The California law is the most dramatic. New York will hike the minimum wage to $15 in New York City almost immediately, while doing the same thing for prosperous suburbs by 2020. The rest of the state will go to $12.50, with the possibility that it could go to $15 if and when certain economic benchmarks are met.
Frank Gasperini, executive vice president of the National Council of Agricultural Employers, said he was surprised at the fairly tepid response from a lot of employer organizations regarding the passage of the steep minimum wage increases in California and New York, in particular.
“I was shocked that so many people did not have a written position,” Gasperini said. “There was lots of blanket opposition in places like the Chamber of Commerce and other places, but nothing on paper.
“For agriculture, one of our real differences if the country goes that way is that exemptions really don’t do us much good because we’re competing in the marketplace with jobs that will be paying $15 an hour,” Gasperini said.

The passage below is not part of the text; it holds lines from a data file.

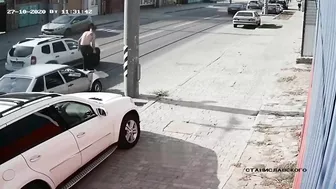 Man Jumps Onto Car Hood To Fix Dent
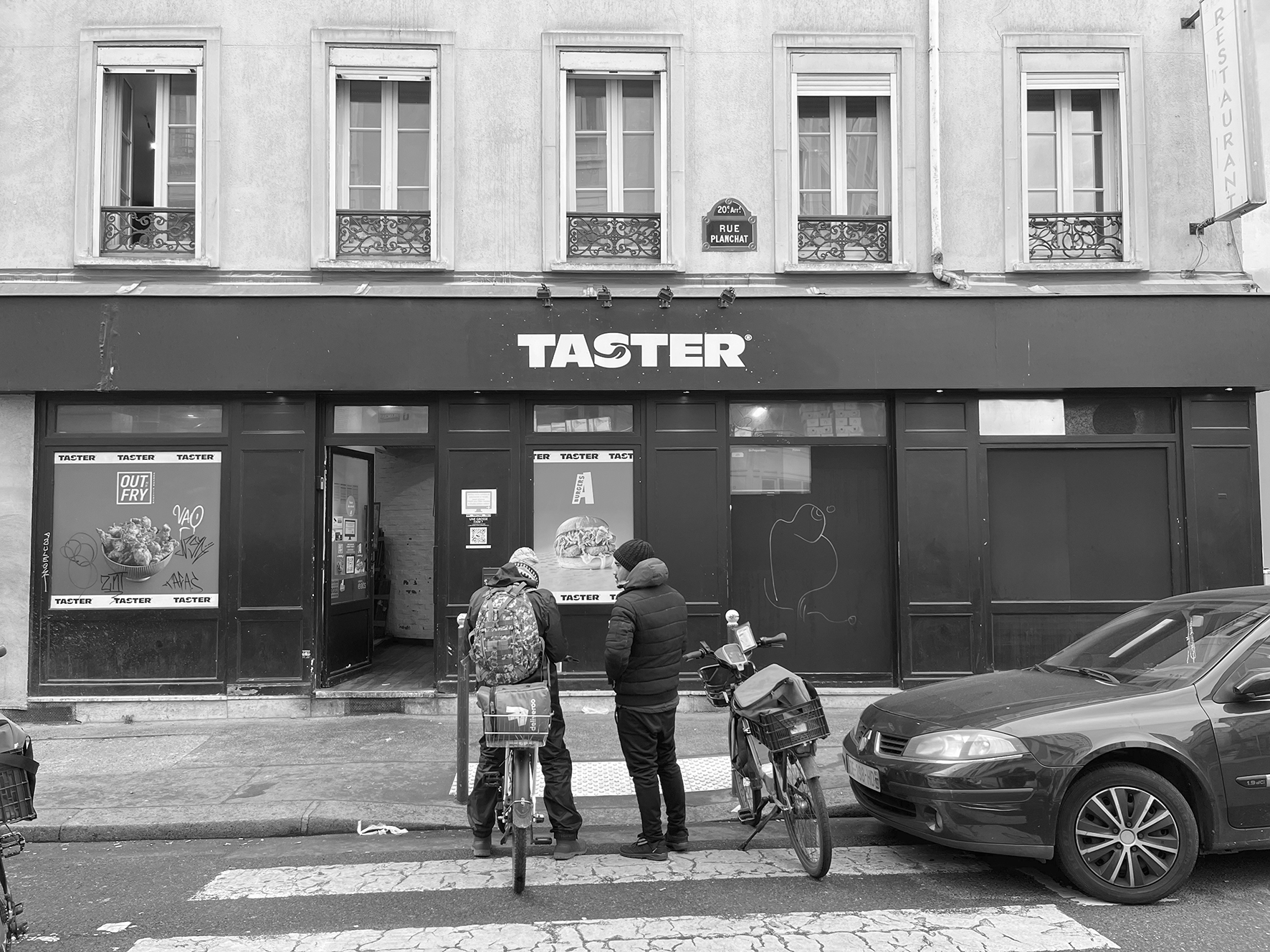 Livreurs, équipés de leurs vélos et de leurs sacs isothermes attendant leurs commandes un jeudi à 14h. La façade fonctionne comme un écran opaque : les affiches et le QR code renvoient visuellement au site internet Taster : une offre de plats cuisinés à commander en ligne et à se faire livrer. Depuis la rue, l’activité interieure est invisibilisée. Cette photographie saisit précisément l’articulation entre l’invisibilité de la production alimentaire et la visibilité contrainte des corps qui en assurent la distribution. Ces livreurs, leurs vélos et leurs sacs, incarnent ces corps et objets ressources mobilisés par l’économie des dark kitchens. Le contraste entre le bâti haussmannien et cette façade standardisée met en lumière les ruptures spatiales et sociales générées par ces nouveaux modèles économiques dans le tissu urbain traditionnel.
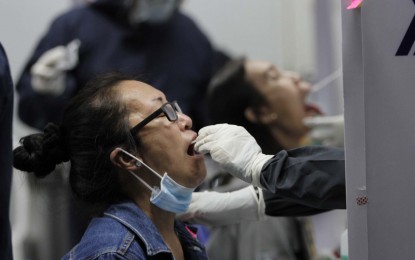 <p><strong>BEWARE.</strong> A woman gets a swab test in this undated photo. Authorities on Thursday (March 25, 2021) warned against unscrupulous individuals who are selling fake Covid-19 test results, mostly to tourists who use the documents as entry requirements or those seeking employment. <em>(PNA file photo)</em></p>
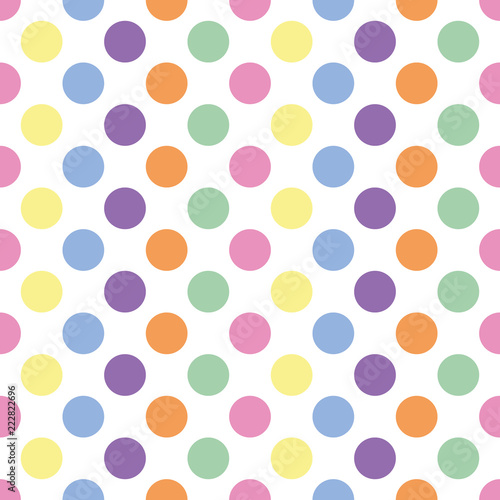 seamless background of pastel colored polka dots on white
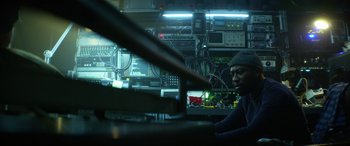 Movie still from “Bloodshot” (2020), directed by Dave Wilson – A man sitting in front of a computer monitor; Medium shot, Low angle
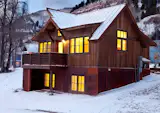 Based in Poncha Springs, Colorado, Great Western Homes designs and builds a range of homes that have a modern, rustic edge. By mixing materials -- wood, weathered steel, and a standing seam metal roof, this residence is a modern take on a classic cabin, with steeply pitched roofs for shedding snow.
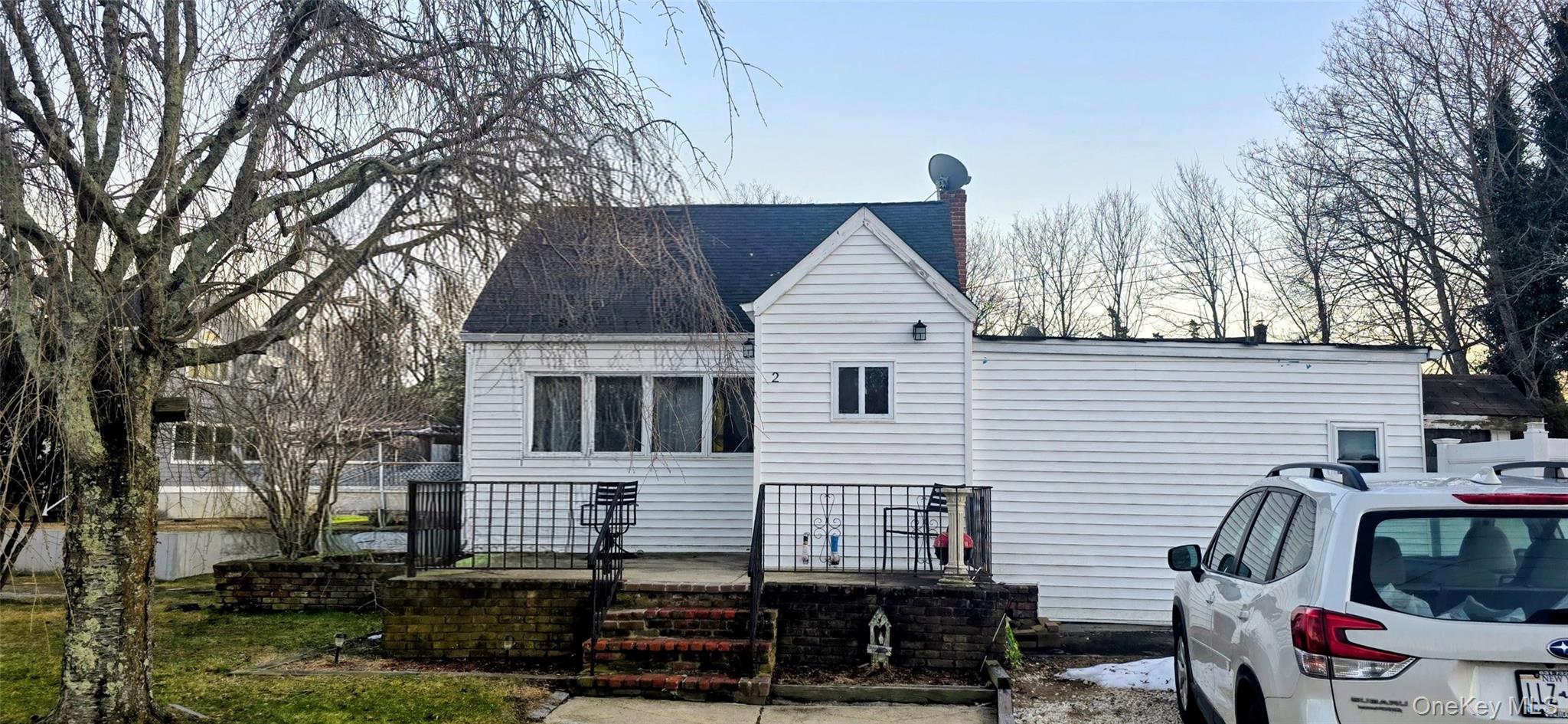 2 Ivy Road Mastic Beach, NY 11951 - Photo 2 of 25 a view of a house with a yard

He said U.S. agriculture operations compete directly with suppliers elsewhere who pay much less for workers, and “farmers can’t pass prices along when they’re competing with produce from Canada, Mexico and a lot of other countries. Mexico has a minimum of about $4.25 an hour and can produce tomatoes like ours. The major market chain participants buy and decide on the price for most produce.”
“This will put much more of our food and production offshore,” Gasperini said. “We can mechanize and keep up some. It’s already common to pay people more than they earn for you.”
He said costs for locally grown, organic and small-farm operators would go up even more than for conventional growers because of the hands-on nature of such production.
“The smaller you are, the bigger the percentage of your expenses labor tends to be,” he said.
He said the reason box stores and other business operations are not opposing the $15 levels is because “customers are saying it’s a good idea. They want more local and organic produce, but those kind of productions, facing higher minimum wages, suffer faster than somebody that’s really big.
“The big thing for us is the fact we compete in a global marketplace. (Some countries) have huge tariffs and are protectionists. We’re not a protectionist country. Producers all over the world don’t pay $9, let alone $15, an hour.”
Gasperini said the cost for participation in the H-2A program has in many cases already driven agricultural wages past the $15 mark, when adverse wage formulas are considered.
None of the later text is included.